Alles fängt an, mit einem kleinen Gedanken. Oder nicht mit einem Gedanken, sondern mit einem leichten Stoß von hinten, bei  dem du dachtest, er würde von vorne kommen. Dann geht es weiter mit dem kleinen süßen Gedanken - oder mit Regen? Mit Regen der dich durchnässt, bis auf die Haut und du deine Finger nicht mehr spürst und dann trifft dich der kleine süße Gedanke, erst nur ganz kurz, als würde er dich nur streifen, wie die Schulter, die dich in dem vollen Gang, auf den Boden wirft, bis du in einem kleinen Kreis von Menschen liegst, die dich anstarren, lachen, weggehen. Du liegst in einem leeren langen Gang. Dann kommt der feste Tritt, in deinen Magen, als du den Sinn ihrer Wörter verstehst, die Tränen, als du ihren Satz als Schlag in deinem Gesicht siehst. Du stehst zwischen zwei Spiegeln, die alles was du erlebt hast in einer unendlichen Schleife projizieren. Deine verheulten Augen, deine trockene Haut, wo Salztränen langsam verschwanden. Du stehst auf, willst den Gang verlassen, doch findest dich eingesperrt und verloren zwischen, dem, was du kannst, was du willst, wie du dich fühlst und wie du glaubst dich zu fühlen, wenn sie nicht da ist. Du verlierst den Halt, die Tritte die Schläge, die endlos oft projizierten Bilder haben den Gedanken gefestigt. Du verlierst den Halt. Der Gang, der nur noch vorne und hinten zu gehen schien, geht jetzt auch nach oben und nach unten, doch du fällst, als du (dich) mit deinem eigenen  Messer (das Seil durch) schneidest. Auch wenn du durch Wasser fällst, ziehen deine Erwartungen an dir, wie der schwere Stein, der mal als Anker neben deinem Bett lag. Du erkennst, dass loslassen dich schweben lässt, doch lässt nicht los, aus Angst, den schon längst verlorenen Halt zu verlieren. Das Bild vor deinen Augen… 

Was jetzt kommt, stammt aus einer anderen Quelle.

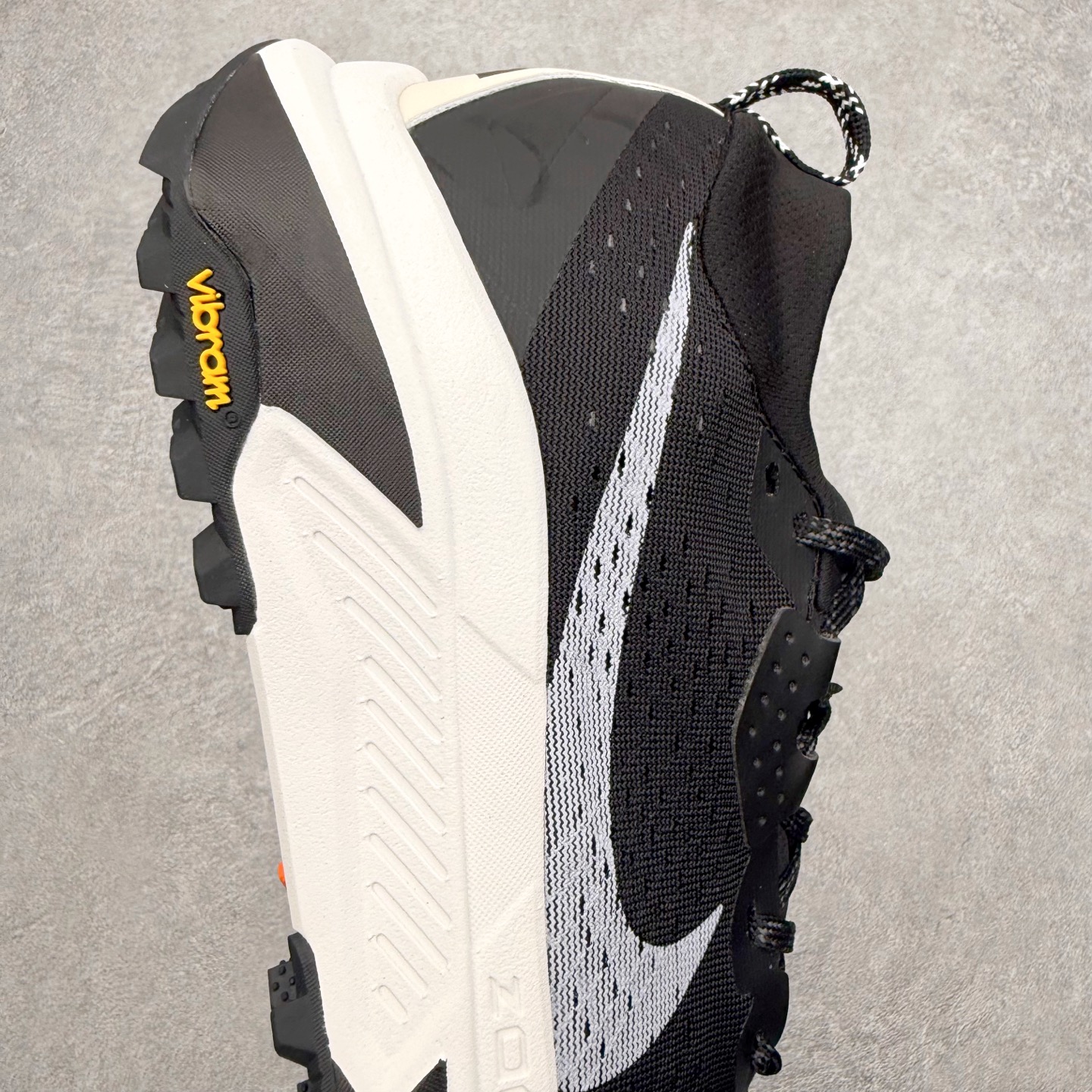 图片[6]-NK ACG ZEGAMA TRAIL 6 网面透气跑步鞋 兼顾迅疾外观和稳固脚感 后跟覆面和中足动态支撑巧妙融合 缔造稳定顺畅的迈步体验 采用密度更高的材料而且去除了前一代中操作的支撑 撑条设计 尺码：39 40 40.5 41 42 42.5 43 44 45-选品中心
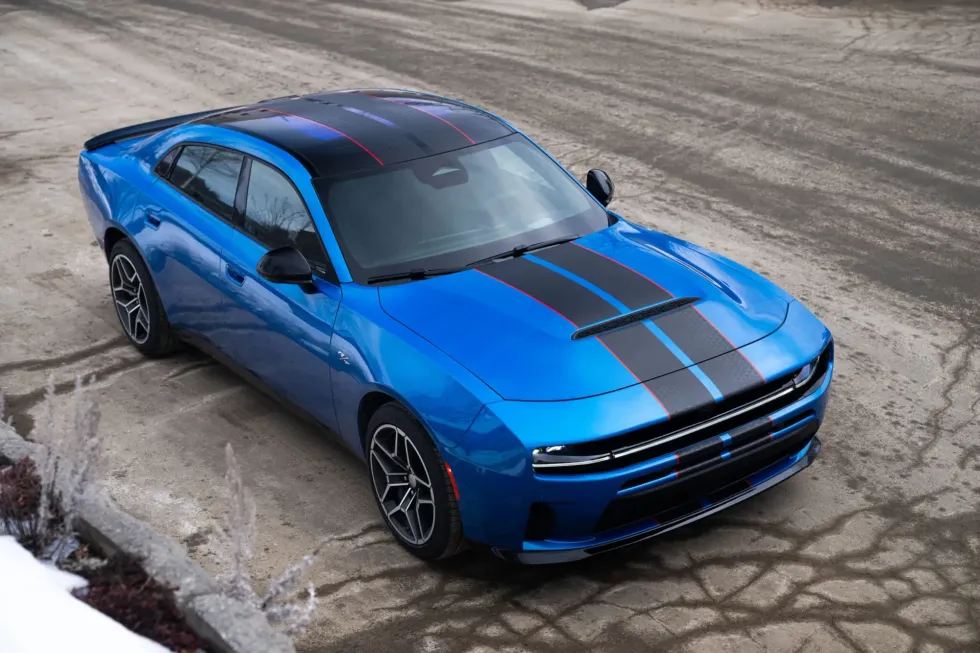 Një Mazda me 8 ulëse është më e shpejtë dhe më e lehtë se një Dodge Charger R/T me 420 kuaj fuqi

…wie er fällt. Der Film, der dich berührt, dein neuer Status:  „Brücken“. Der Gedanke, sitzt jetzt so tief, dass er anfängt Fragen zu stellen: „Wann?“, „Wo?“, „Wie? - Genauso, wie Bobby?“. Du, weißt nicht, was dir noch halt gibt. 2 von 2-mal hast du nur aus dem Fenster geguckt, als der Stein in deiner Hand lag um dir zu helfen. Sogar überlegt ihn zu schmeißen. Doch stattdessen schmeißt du dich weg. Bitte nicht. Bitte nicht. Bitte nicht. Wie nicht?